Anyway, I will explain in detail how magstripes are encoded and give several
examples of the data found on some common cards. I will also cover the
technical theory behind magnetic encoding, and discuss magnetic encoding
alternatives to magstripes (Wiegand, barium ferrite). Non-magnetic card
technology (bar code, infrared, etc.) will be described. Finally, there will
be an end discussion on security systems and the ramifications of emergent
"smartcard" and biometric technologies.
Use this info to EXPLORE, not to EXPLOIT. This text is presented for
informational purposes only, and I cannot be held responsible for anything
you do or any consequences thereof. I do not condone fraud, larceny,
or any other criminal activities.
Lately, I've noticed a few "books" and "magazines" for sale that were filled
with files on a variety of computer topics. These file were originally
released into the Net with the intention of distributing them for free.
However, these files are now being packaged and sold for profit. This really
pisses me off.

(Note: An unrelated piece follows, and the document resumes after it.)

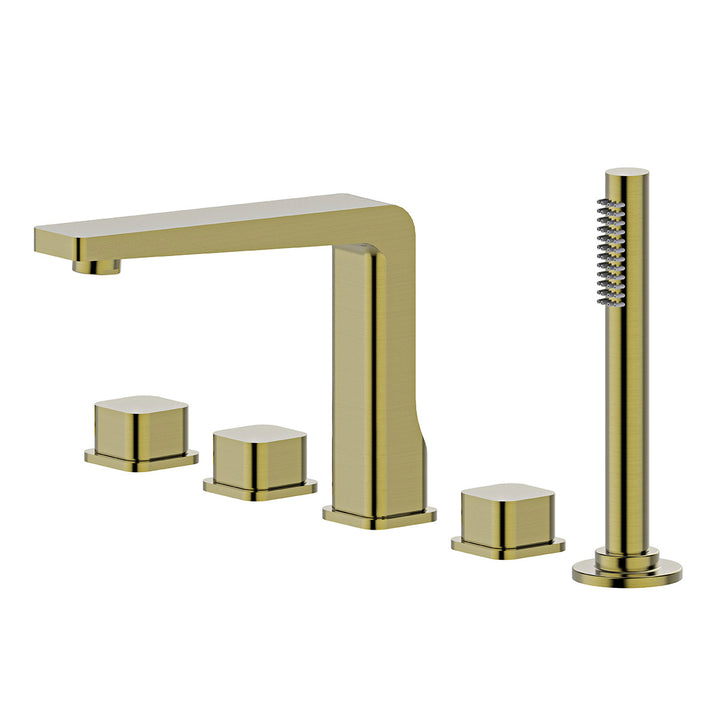 Pasha Deck Mount Tub Filler with Handheld Spray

I am writing this to be shared for free, and I ask no
payment. Feel free to reprint this in hardcopy format and sell it if you must
but no profits must be made. Not a f***ing dime ,Deutschmark, Punt, Lira,
Pound, or Centime! If anyone reprints this file and tries to sell it for a
profit, I will hunt you down and make your life miserable.
?????????????????????????????????????????????????????????????????????????????
How?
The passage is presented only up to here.